Manmohan Singh was Prime Minister, the UPA was in its first term, and India’s telecom sector was booming. The 2G spectrum allocation would’ve allowed newer telecom companies to enter the field. It would have led to more subscribers and competition. For the consumer and the entrepreneur, this would be a win-win situation.
But a series of PILs was filed by independent journalist Paranjoy Guha Thakurta, the then-general secretary of the Centre for Public Interest Litigation, Prashant Bhushan, and Anil Kumar, the former secretary of the Telecom Watchdog NGO. These PILs cast a shadow of doubt over the allocation.
And then, in 2010, the CAG submitted its damning report.
The basic allegation was that the then telecom minister A Raja had undersold national resources to favour certain corporates in exchange for kickbacks. The aam aadmi couldn’t be bothered much with the technicalities, but was left dumbstruck at the amount of corruption that was being alleged.
A Presumptive Loss
On 11 November 2010, the New Indian Express published a headline with just a number – 1760000000000. The CAG report had put three estimates of presumptive loss to the exchequer by the 2G spectrum allocation. But the one which caught everyone’s imagination was the biggest number of them all. A loss of 1.76 lakh crore.
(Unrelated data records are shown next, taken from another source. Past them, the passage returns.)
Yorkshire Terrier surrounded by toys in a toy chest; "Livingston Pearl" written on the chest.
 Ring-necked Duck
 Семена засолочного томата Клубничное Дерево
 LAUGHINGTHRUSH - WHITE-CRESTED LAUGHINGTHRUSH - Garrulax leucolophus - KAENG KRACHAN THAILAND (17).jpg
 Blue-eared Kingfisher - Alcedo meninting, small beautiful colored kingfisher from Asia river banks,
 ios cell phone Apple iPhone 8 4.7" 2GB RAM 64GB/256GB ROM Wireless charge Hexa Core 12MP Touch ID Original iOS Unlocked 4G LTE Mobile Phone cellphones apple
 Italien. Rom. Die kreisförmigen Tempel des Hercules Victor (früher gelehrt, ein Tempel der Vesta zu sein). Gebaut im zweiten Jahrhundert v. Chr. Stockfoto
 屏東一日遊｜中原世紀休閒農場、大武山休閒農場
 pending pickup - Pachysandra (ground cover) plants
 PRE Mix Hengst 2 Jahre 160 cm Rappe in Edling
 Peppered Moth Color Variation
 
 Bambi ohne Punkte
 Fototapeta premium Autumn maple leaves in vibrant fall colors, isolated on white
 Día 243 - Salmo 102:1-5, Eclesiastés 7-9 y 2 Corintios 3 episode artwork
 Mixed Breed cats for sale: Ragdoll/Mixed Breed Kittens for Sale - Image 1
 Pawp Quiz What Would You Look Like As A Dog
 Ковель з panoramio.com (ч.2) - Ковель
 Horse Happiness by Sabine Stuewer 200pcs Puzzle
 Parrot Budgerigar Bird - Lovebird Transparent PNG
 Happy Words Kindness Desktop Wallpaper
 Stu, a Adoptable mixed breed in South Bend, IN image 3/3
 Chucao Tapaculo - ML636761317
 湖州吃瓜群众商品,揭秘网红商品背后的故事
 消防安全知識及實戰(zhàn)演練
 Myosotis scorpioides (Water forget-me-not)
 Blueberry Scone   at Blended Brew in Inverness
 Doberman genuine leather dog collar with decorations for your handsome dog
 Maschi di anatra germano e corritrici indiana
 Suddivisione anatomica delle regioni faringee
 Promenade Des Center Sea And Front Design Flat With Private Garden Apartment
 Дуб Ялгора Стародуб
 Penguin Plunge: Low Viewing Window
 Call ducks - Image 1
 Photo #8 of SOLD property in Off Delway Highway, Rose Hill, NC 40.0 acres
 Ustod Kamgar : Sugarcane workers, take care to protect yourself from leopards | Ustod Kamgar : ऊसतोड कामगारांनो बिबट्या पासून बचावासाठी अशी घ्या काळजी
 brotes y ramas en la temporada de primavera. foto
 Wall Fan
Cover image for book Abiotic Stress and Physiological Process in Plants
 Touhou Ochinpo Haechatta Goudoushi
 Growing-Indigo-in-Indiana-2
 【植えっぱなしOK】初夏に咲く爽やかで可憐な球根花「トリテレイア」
But where did this figure come from?
The fact is, this was a notional loss. Presumptive, a hypothesis, if you will. The CAG reasoned that if the 2G spectrum was allocated at 2008 rates and not 2001 rates, then the country could’ve gained Rs 1.76 lakh crore rupees. Here’s a simple analogy to understand the concept of notional loss.
Analogy: Parliament or a Luxury Hotel?
It’s like saying – the Indian Parliament functions for only 100 days in a year. What if we were to convert it into a luxury-hotel for the rest of the 256 days? Just how much money are we losing by not capitalising on prime real estate?
But Why Did the Government Not Want to Make Money?
The telecom department says it wanted the spectrum to be economically priced. It wanted to increase tele-density and not maximise revenue.
According to the government, this was a pre-planned policy decision, not an arbitrary mistake and definitely not a scam. But that’s not the only allegation that the CAG made.
There's also the question of who was allotted this spectrum, and whether they were qualified to handle a precious national resource like spectrum.
The CAG claims that the telecom minister tweaked the rules to allocate spectrum to relatively new players. The CBI claimed there was a quid pro quo to this generosity and favoritism. But the trial court ruled that there exists no convincing paper trail to prove that.
In 2012, spectrum licenses allotted by A Raja were cancelled by the Supreme Court. A re-auction was held in 2014, which earned Rs 61,162 crore
So, what were we left with ?
A paralysed bureaucracy.
A devastated telecom sector.
A disillusioned aam aadmi.
And after seven years – a reset button.